Input data START

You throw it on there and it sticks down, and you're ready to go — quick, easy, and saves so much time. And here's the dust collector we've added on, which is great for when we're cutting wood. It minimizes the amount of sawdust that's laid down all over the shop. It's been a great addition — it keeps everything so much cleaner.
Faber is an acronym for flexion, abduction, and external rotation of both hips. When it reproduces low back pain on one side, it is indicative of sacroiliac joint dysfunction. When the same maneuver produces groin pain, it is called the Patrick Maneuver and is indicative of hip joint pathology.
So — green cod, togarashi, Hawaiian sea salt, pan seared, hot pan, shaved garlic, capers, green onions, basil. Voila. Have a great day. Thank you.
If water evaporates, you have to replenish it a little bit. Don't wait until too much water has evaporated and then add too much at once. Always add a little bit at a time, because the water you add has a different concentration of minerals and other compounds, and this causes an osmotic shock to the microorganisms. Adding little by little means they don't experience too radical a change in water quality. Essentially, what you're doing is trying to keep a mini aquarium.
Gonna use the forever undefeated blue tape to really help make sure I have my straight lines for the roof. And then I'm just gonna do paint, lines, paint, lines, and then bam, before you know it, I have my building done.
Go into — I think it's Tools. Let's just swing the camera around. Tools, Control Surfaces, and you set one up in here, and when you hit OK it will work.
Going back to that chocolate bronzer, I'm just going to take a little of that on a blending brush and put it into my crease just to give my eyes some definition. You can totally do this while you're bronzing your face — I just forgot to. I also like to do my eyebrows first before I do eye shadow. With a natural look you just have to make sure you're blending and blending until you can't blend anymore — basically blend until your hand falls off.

Input data END
Input data START

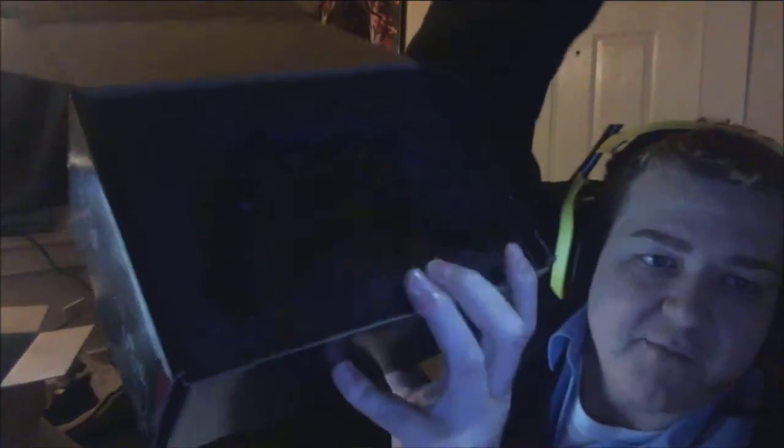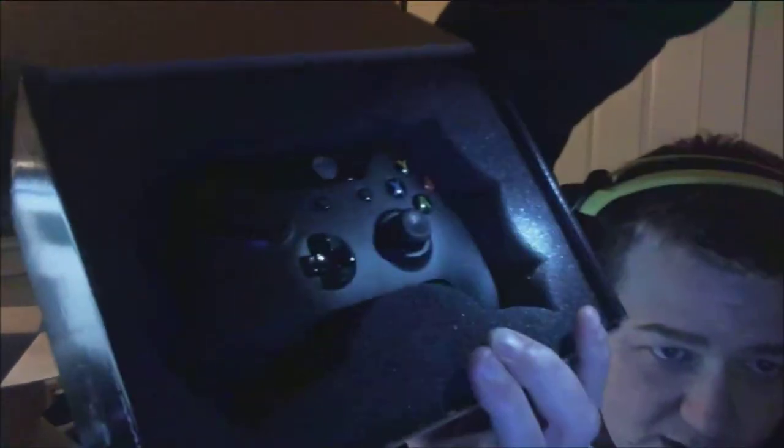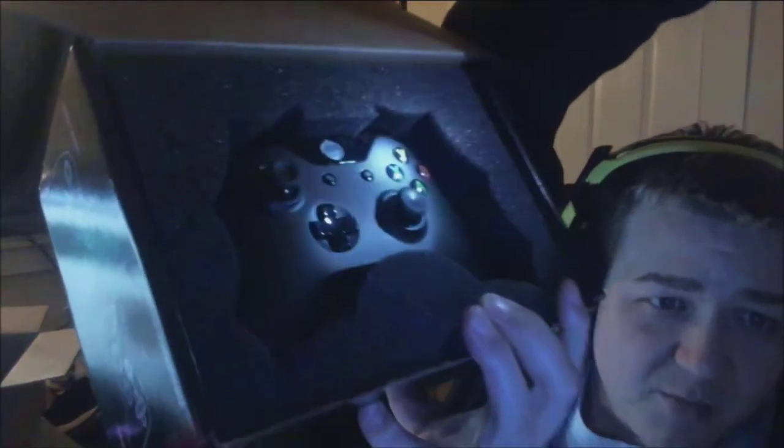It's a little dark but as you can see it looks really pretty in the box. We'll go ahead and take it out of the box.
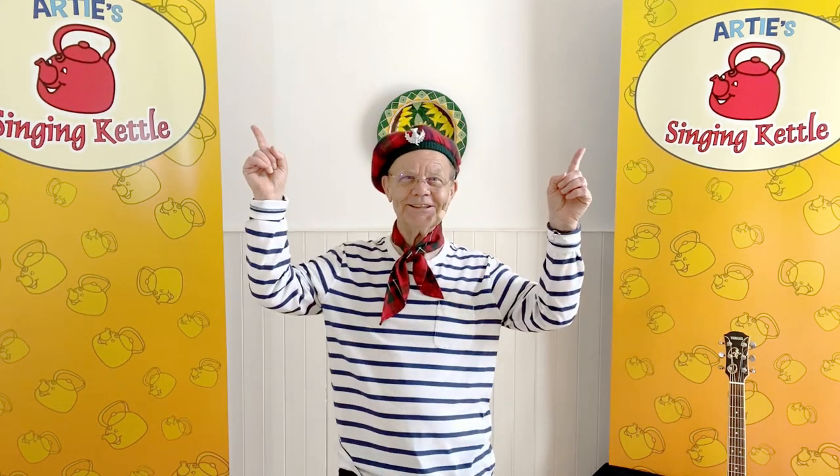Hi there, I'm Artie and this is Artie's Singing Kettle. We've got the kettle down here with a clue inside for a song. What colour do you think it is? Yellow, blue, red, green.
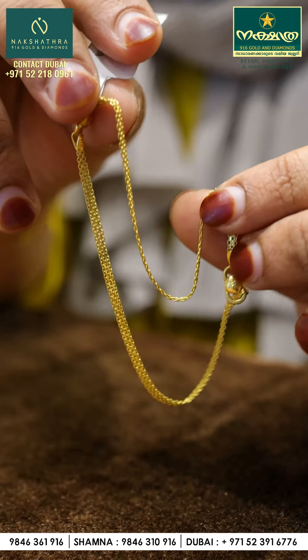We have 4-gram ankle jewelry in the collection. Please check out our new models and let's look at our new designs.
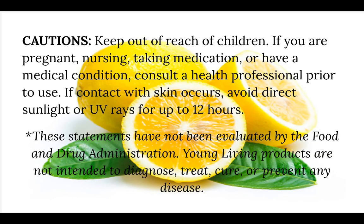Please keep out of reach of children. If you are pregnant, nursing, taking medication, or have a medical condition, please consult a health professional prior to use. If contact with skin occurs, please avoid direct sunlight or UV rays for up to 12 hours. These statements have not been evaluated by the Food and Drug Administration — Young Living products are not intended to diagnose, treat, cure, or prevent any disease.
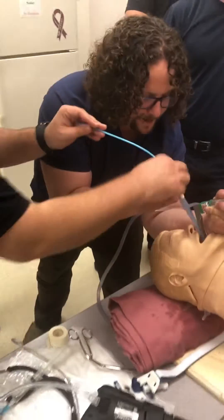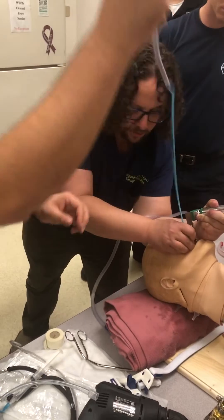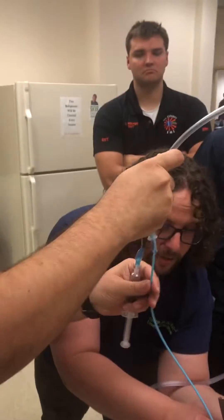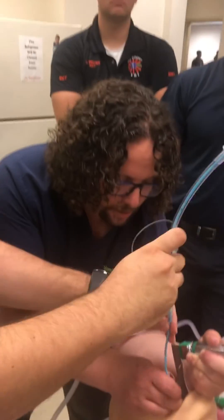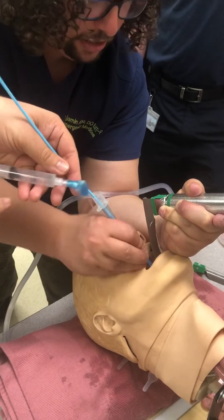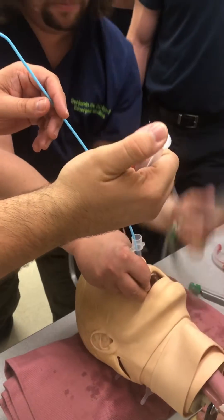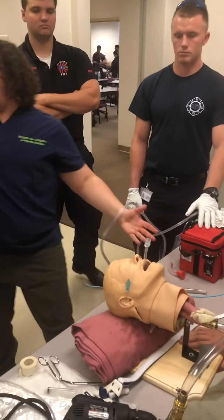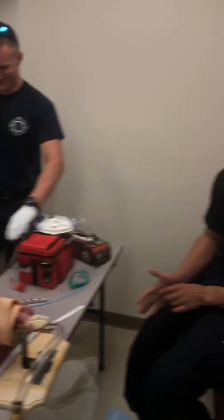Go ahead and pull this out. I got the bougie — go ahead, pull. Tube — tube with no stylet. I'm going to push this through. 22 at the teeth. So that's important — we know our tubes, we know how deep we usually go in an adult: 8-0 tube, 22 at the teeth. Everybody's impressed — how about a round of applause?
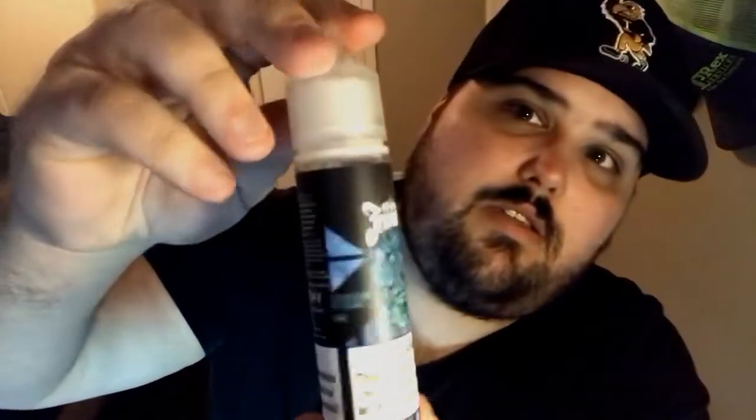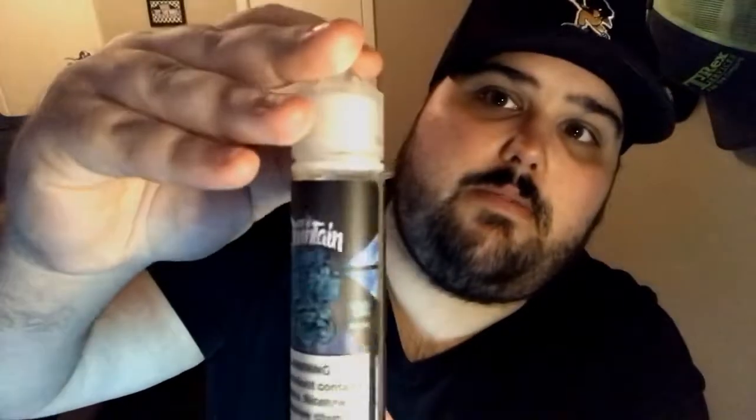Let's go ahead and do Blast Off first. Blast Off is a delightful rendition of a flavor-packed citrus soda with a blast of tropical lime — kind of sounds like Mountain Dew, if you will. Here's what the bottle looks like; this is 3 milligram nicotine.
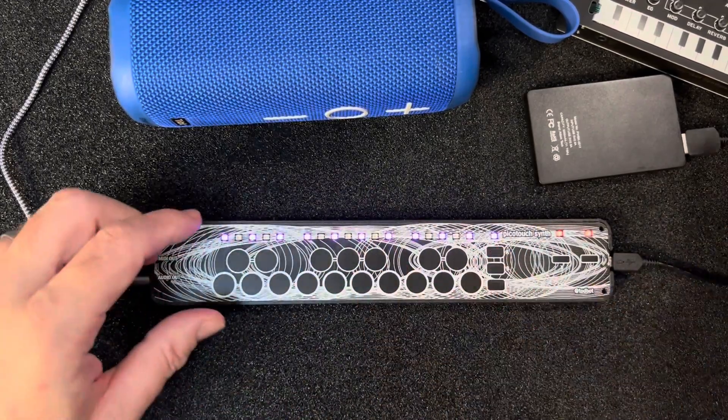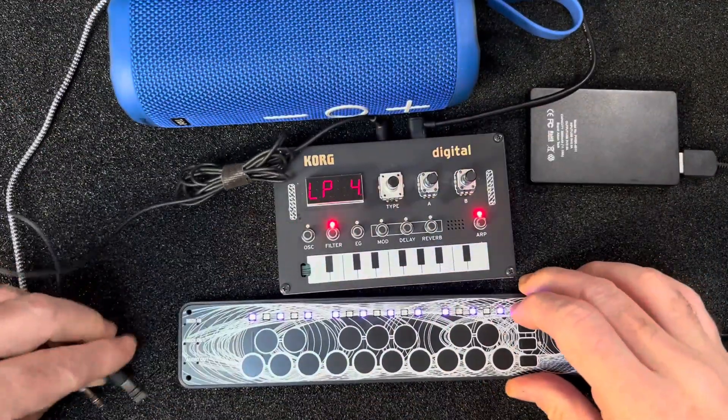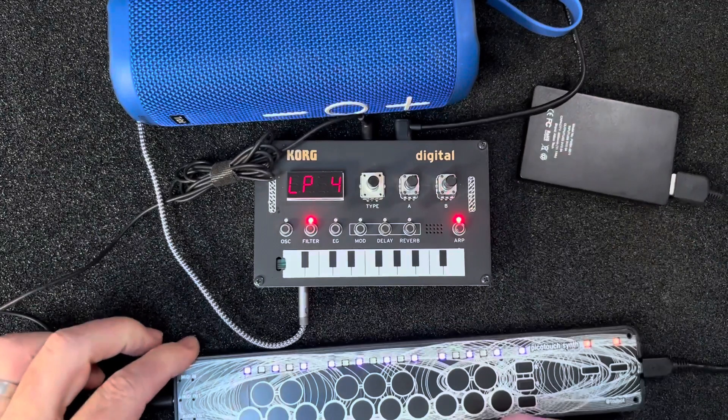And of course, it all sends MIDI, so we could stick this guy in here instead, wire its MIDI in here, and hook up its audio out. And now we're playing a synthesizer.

Input data END

Exercise goal →
One stretch of the lines above is wanted, from the line that contains "You throw it" through the line that contains "So — green cod, togarashi, Hawaiian". Output it exactly.

Result for this exercise →
You throw it on there and it sticks down, and you're ready to go — quick, easy, and saves so much time. And here's the dust collector we've added on, which is great for when we're cutting wood. It minimizes the amount of sawdust that's laid down all over the shop. It's been a great addition — it keeps everything so much cleaner.
Faber is an acronym for flexion, abduction, and external rotation of both hips. When it reproduces low back pain on one side, it is indicative of sacroiliac joint dysfunction. When the same maneuver produces groin pain, it is called the Patrick Maneuver and is indicative of hip joint pathology.
So — green cod, togarashi, Hawaiian sea salt, pan seared, hot pan, shaved garlic, capers, green onions, basil. Voila. Have a great day. Thank you.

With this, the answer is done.